Saved entries
------------------------

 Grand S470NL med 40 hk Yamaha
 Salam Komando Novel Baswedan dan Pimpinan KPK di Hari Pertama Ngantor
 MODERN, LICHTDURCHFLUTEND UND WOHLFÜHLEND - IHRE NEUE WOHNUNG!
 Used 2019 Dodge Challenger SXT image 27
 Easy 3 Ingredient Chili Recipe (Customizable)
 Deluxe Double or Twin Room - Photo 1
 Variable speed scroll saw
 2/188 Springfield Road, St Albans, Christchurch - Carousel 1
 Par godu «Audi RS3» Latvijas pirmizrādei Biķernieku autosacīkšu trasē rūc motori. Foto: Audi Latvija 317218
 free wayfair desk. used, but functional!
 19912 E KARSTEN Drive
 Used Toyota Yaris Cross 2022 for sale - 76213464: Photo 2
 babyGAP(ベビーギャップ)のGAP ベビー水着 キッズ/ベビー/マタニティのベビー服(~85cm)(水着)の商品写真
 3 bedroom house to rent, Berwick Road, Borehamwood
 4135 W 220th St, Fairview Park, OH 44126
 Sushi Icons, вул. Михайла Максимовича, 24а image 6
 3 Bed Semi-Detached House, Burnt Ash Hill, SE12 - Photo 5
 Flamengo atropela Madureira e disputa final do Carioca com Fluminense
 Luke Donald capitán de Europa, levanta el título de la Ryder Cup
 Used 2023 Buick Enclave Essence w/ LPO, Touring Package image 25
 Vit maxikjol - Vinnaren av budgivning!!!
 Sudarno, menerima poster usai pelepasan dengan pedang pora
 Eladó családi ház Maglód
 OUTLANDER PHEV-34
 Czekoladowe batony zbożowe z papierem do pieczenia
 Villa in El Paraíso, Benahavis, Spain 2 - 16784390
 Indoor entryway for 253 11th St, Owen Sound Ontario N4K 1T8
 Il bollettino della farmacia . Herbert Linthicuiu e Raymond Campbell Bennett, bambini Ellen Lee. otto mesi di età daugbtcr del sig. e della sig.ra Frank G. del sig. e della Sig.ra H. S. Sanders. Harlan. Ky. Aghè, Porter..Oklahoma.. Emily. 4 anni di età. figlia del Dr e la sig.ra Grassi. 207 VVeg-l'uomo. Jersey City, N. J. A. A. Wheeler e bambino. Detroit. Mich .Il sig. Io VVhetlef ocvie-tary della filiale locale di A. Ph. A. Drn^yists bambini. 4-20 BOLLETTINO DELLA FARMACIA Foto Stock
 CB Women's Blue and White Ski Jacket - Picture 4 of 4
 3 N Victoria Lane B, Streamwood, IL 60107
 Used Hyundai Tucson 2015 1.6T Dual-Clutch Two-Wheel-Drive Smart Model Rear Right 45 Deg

------------------------

WHAT THIS TASK INVOLVES: Your task is to gather all lines from the entries above that hold the word "image".

ANSWER TO THIS PROBLEM:
 Used 2019 Dodge Challenger SXT image 27
 Sushi Icons, вул. Михайла Максимовича, 24а image 6
 Used 2023 Buick Enclave Essence w/ LPO, Touring Package image 25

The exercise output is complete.